How Community Marketplaces Built with Rarible Enforce Royalties on All Sales, Explained
We make sure that the creators get their fees via community marketplaces—no matter where the listings are aggregated from.
Notably, royalties are fully respected on native listings made on community marketplaces and/or Rarible.com. To find out how to create and manage your own marketplace, making it the default go-to place for your community, please refer to this guide.
To reiterate, our stance has not changed: we believe that creators should receive full royalties from their work. We are closely watching the situation.
Community Marketplaces have been a major focus for us this year. Their goal is to empower NFT creators and artists via independent, custom platforms that put their work in the spotlight.
Over the past few months, we’ve built numerous community marketplaces for established collections (such as V1 Punks, mfers, and rektguy, to name a few) and a self-service tool that allows any ERC-721 or ERC-1155 collection owner to create a community marketplace for free in just a few minutes.
Community marketplaces allow creators to list and trade their NFTs on platforms that do not rely on centralized marketplaces, but they also aggregate orders from all major marketplaces in the space to make sure the liquidity is there from day one.
As you might have heard, recently more and more traditional NFT marketplaces have been allowing their users to opt out of paying royalties. It’s a major trend in the space right now, and some adopters have acquired massive amounts of liquidity on the market that way.
However, optional royalties hurt NFT creators, denying them one of their main sources of income. Put simply, this trend is dangerous for the Web3 space.
We can give you a recent example. Earlier this month, a project missed $1,000,000+ worth of royalties in 48 hours just because of this trend. In the absence of creator fees, NFT projects might have very little incentive to keep building.
That’s why Rarible-powered community marketplaces honor royalties on ALL transactions happening via their UI, as long as the conditions specified below are met.
That includes not only the native listings, but also the listings aggregated from the marketplaces —even the ones that allow users to opt out of royalties.
Here’s how that works.
Native listings
Native listings are listings made by a collection’s NFT holders directly on their community marketplace (granted it is powered by Rarible Protocol) or via Rarible.com.
Because Rarible respects royalties, all creator fees on those listings are respected via the smart contract by design.
Listings aggregated from OpenSea
As of now, all royalties are respected on OpenSea, even though the platform had publicly contemplated making royalties optional earlier this month.
We will keep monitoring the situation around OpenSea, and, if its protocol stops respecting royalties, we’ll build a solution to address that.
Listings aggregated from X2Y2
For listings aggregated via X2Y2, we charge the royalty percentage set by the collection owner on that platform.
That means NFT creators have to ensure they have set up their collection on X2Y2 and filled in the ‘creator fee’ field to receive royalties on community marketplace sales.
The royalties are then enforced at checkout, which is technically done via the X2Y2 contract. From our end at Rarible, we ensure that royalties are respected when we call their contract.
Listings aggregated from sudoswap
For listings aggregated through sudoswap NFT AMM protocol, we use Rarible’s royalties registry to extract the royalty percentage.
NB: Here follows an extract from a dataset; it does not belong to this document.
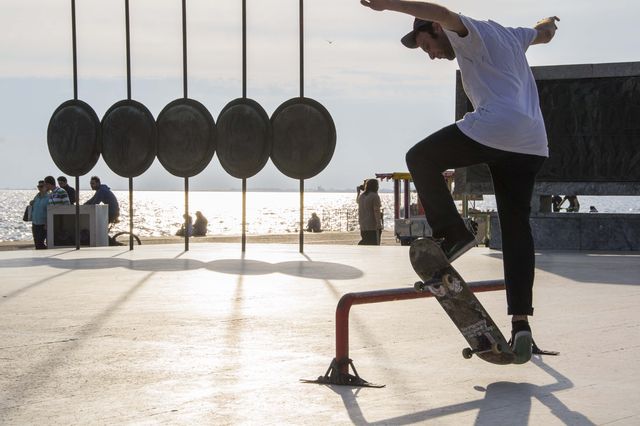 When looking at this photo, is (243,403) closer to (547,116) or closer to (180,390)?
(180,390)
That means the collection owners have to ensure they have set up their royalties at the Rarible Protocol level (that can be done in 5 easy steps using this instruction) or have EIP-2981 support.
To implement this on the technical side, we built a wrapper — a smart contract that calls other smart contracts (in this case, the Rarible Protocol contracts). So when we charge the buyer of a sudoswap-listed NFT at the checkout, a special wrapper contract sends the royalties to the creator’s wallet.
Listings from LooksRare
In late October, LooksRare announced it will no longer support creator royalties by default. Instead, the platform has vowed to share 25% of the LooksRare Protocol fee with creators and collection owners.
For that, the creators need to have set up a receiving address on the LookRare’s side.
We will continue to monitor the situation, and are currently exploring ways to maximize the capped 0.5% LooksRare creator fee—because ultimately we want the creators to receive the full amount of their royalties.